Explosions In the Sky – Take Care, Take Care, Take Care Explosions In the Sky – Take Care, Take Care, Take Care

Foreword

My college years were spent learning laughing, loving and listening to post rock albums. It is true, I listened to other things but if plotted out in a pie chart, post rock would take up a sizable portion. The post rock years also overlapped with a rudimentary audiophile phase and a subsequent obsession with vinyl records.  If an album had to be bought, vinyl sounded and felt better. It did not matter that our turntable was old and our speakers unreliable, it was about the experience of listening to an album whilst staring at the ceiling.

Our weekends were spent lying on various floor to the beautiful sounds of post rock crescendos. Our after-parties always brought the loyal and devoted which sprawled out on the floor; turning living rooms into introspective shooting galleries. We spoke to other people about beauty and transcendental qualities of albums they had no desire to listen to. We compared songs to romantic landscape paintings and put our trust in grand narratives. This was the time when I developed an aesthetic for minimal album art and extensive packaging. My vinyl library became a collection of cardboard sleeves and pictures of birds etched on the vinyl surface.

A good friend came over once cradling a Godspeed You! Black Emperor vinyl and showed us the penny flattened by a train which came inside. We became collectors of ephemera; both mundane and poetic.  Nothing could be said without lasting 7 minutes, a paragraph title and at least one sequel. I applied to Pitchfork while using Explosions In The Sky’s “All Of A Sudden I Miss Everyone” album as a review. I typed up something similar to the above paragraph and gave the record a 10/10 without talking one word about the band, songs or any relevant information. This was the state I currently lived in.

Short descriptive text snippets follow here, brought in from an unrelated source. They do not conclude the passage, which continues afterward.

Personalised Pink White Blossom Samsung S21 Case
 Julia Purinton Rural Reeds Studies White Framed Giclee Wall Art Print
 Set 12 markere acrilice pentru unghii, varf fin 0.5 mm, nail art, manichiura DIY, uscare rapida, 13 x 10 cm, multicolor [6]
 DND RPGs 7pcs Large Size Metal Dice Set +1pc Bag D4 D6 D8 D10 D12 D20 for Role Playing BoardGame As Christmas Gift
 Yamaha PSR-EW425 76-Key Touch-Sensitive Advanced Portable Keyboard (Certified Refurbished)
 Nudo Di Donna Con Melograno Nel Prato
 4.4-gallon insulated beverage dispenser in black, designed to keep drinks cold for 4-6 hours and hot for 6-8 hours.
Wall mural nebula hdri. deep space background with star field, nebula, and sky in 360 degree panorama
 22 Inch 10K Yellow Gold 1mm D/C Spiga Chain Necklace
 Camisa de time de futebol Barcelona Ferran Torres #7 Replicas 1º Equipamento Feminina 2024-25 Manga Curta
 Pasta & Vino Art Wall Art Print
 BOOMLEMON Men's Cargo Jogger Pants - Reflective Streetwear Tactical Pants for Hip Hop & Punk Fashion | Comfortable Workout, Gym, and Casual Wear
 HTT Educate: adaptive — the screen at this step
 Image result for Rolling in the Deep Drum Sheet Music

Completely swept off my feet by a musical style which reduced all deductive reasoning to emotion and the art of experiencing.  My time spent with post rock gave me the penultimate appreciation of experience and the faith in the life altering album. While I have carried these philosophies to other forms of music it was conceived on the carpeted floor while “Rockets Fall over Rocket Falls” entered its 17th minute.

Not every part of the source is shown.